Map of entire transect, showing shelter locations: small image, large image.
Aerial photo of Barva transect, showing extent of forested cover: small image, large image.
Aerial photo of Finca Miranda to Finca Murillo and Barva transect trail, with overlay of rivers and elevation contours: small image, large image.
Map of immediate vicinity of Murillo house, showing locations of Malaise traps and Winkler transects: small image, large image.
Dates and participants: A total of 43 people participated in the expeditions, from ten countries. Among the ALAS staff, Danilo Brenes and Ronald Vargas were present during all expeditions. Maylin Paniagua was present during the February and March expeditions. Flor Cascante attended the first week of the April expeditions. Ronald's wife Xinia Gomez was the cook, much to the delight and satisfaction of all participants.
The following expedition dates list visiting collaborators. Click on the dates for photo.
Jack Longino, Anetta Szywilewska, Agnieszka Napierala, Mike Sharkey, Andy Boring, Kevin Pitz, Barb Sharanowski, Bill Haber, Piotr Naskrecki, Dave Wagner.
Bob Anderson, Marc Epstein, Paul Goulet, Paul Johnson, Eduardo Lopez, Jens Prena.
Don Davis, Mignon Davis, Jack Longino, Marc Pollet, Anja de Braekeleer, Jadranka Rota, Angel Solis.
Michael Branstetter, John Brown, Daniel Clark, Shawn Clark, Laure Desutter, Jens Prena.
G. B. Edwards, Frank González, Jiri Hulcr, Larry Kirkendall, Kenji Nishida, Armando Soto.
Sibyl Bucheli, G. B. Edwards, Jose González, SangMi Lee, Daniel Santamaria, Daniel Solano.

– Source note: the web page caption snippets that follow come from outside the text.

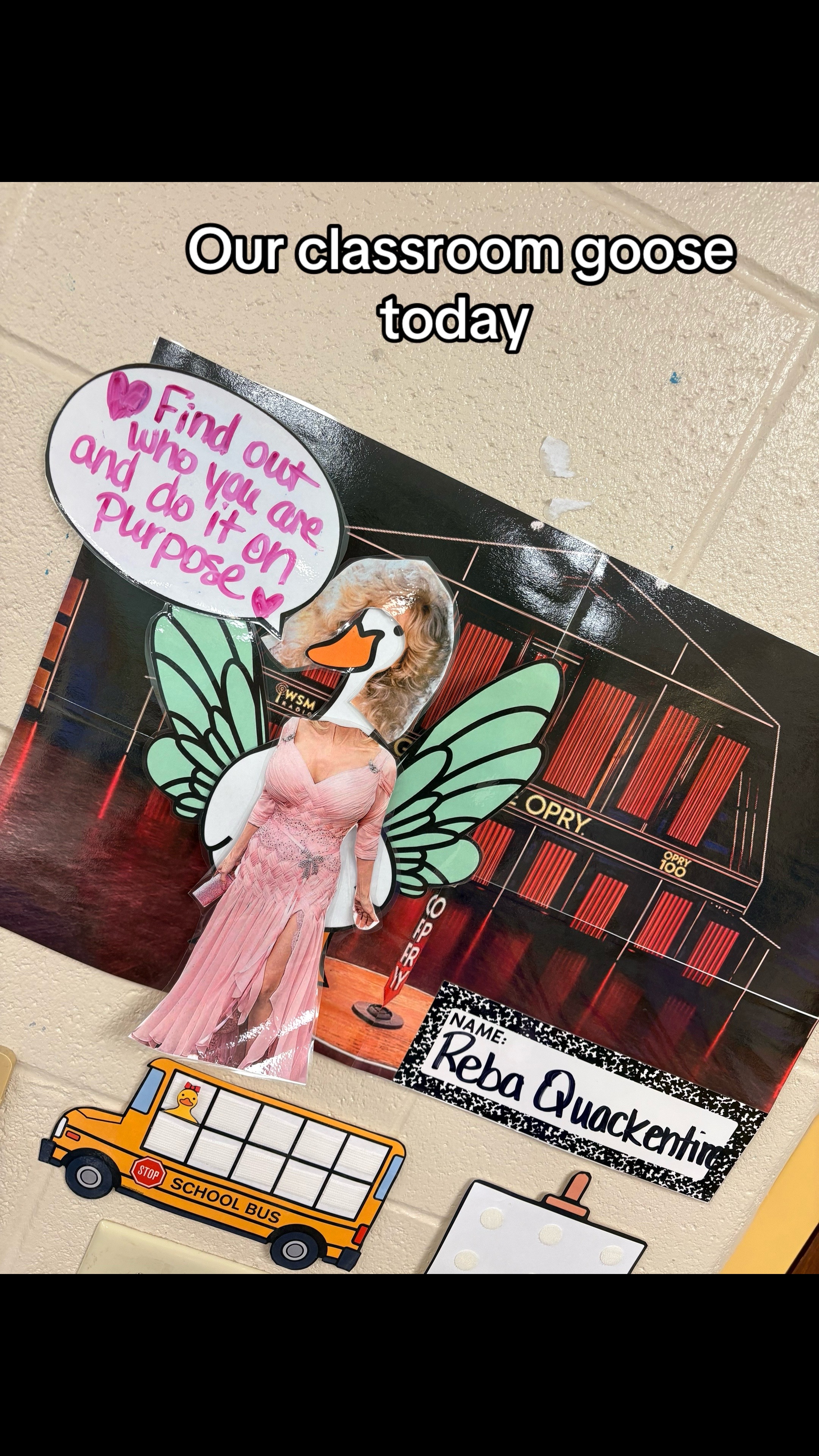 @✨🛍️🎢📚Jess Finds Fun☕️✈️🏰✨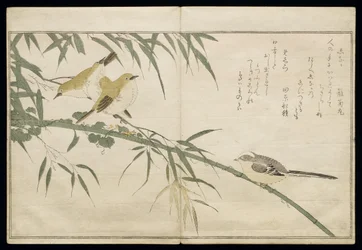 P.332-1946, 2. kötet, 6. lap, őszapó és három pápaszemesmadár, a „Humoros dalokban összehasonlított madarak“ című albumból, 1791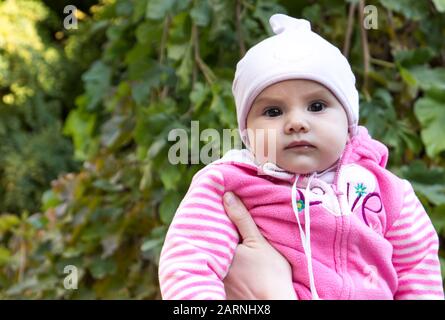 portrait of a cute 2-month-old baby girl outdoor with a green tree in the background. Stock Photo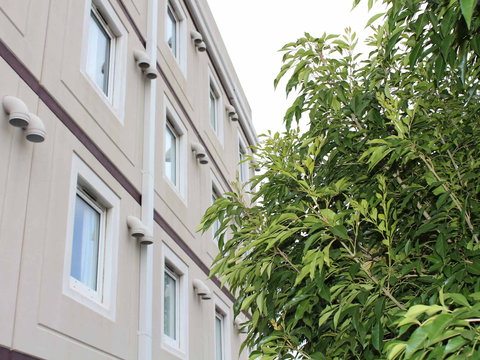 Ibis Newcastle - Kawana Tourism 1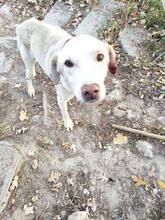WHITEY, Hund, Mischlingshund in Bulgarien - Bild 5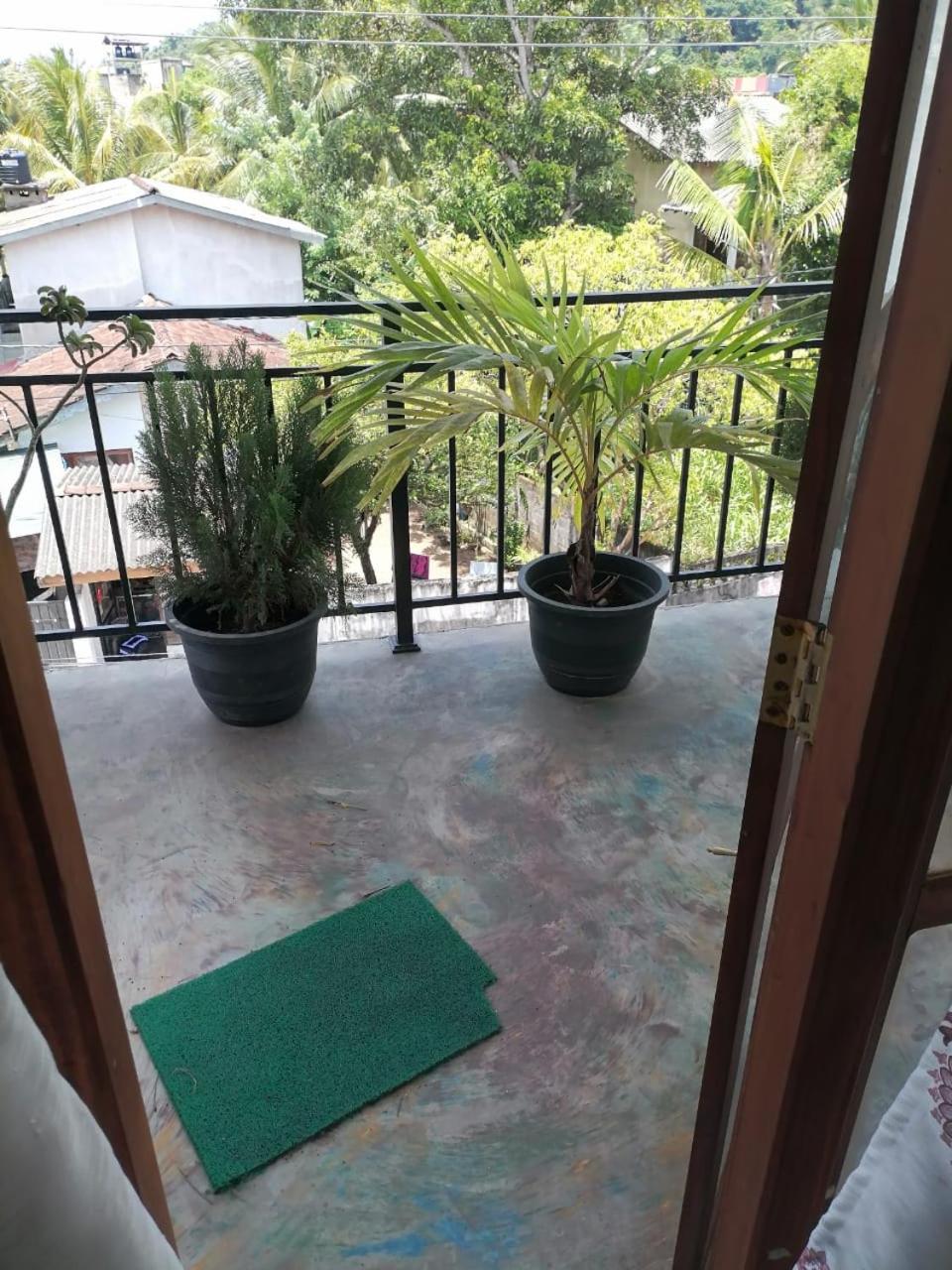 Jungle House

The label we are using is:
COSTA RICA: Prov. Heredia:
9km NE Vara Blanca, 1450-
1550m, 10°14'N 84°06'W
The precise GPS coordinates for the Murillo House are 10°14.17'N 84°07.06'W. UTM 815775.87E, 1132950.20N (Zone 16, meters, Datum WGS84).
The vicinity of the Murillo house is a mosaic of cleared pastures and mature forest. The pastures are on ridge tops and shallower slopes; the forest is in steep-sided ravines. The pastures are relatively small and are the edge of human clearing, with contiguous mature forest immediately to the south and east. The boundary of Braulio Carrillo National Park is about 2km to the east. The pastures are about 40 years old, dating from the first development of small farms in the zone. These farms proved unproductive over time and were gradually sold. The Murillo Finca is comprised of several of these old farms that were bought. There are scattered small farm houses from these old farms, but they are not currently inhabited by families or other long-term residents. Sr. Murillo maintains two field workers to manage the entire area. They keep the current pastures clear and maintain a low density of cattle on the property.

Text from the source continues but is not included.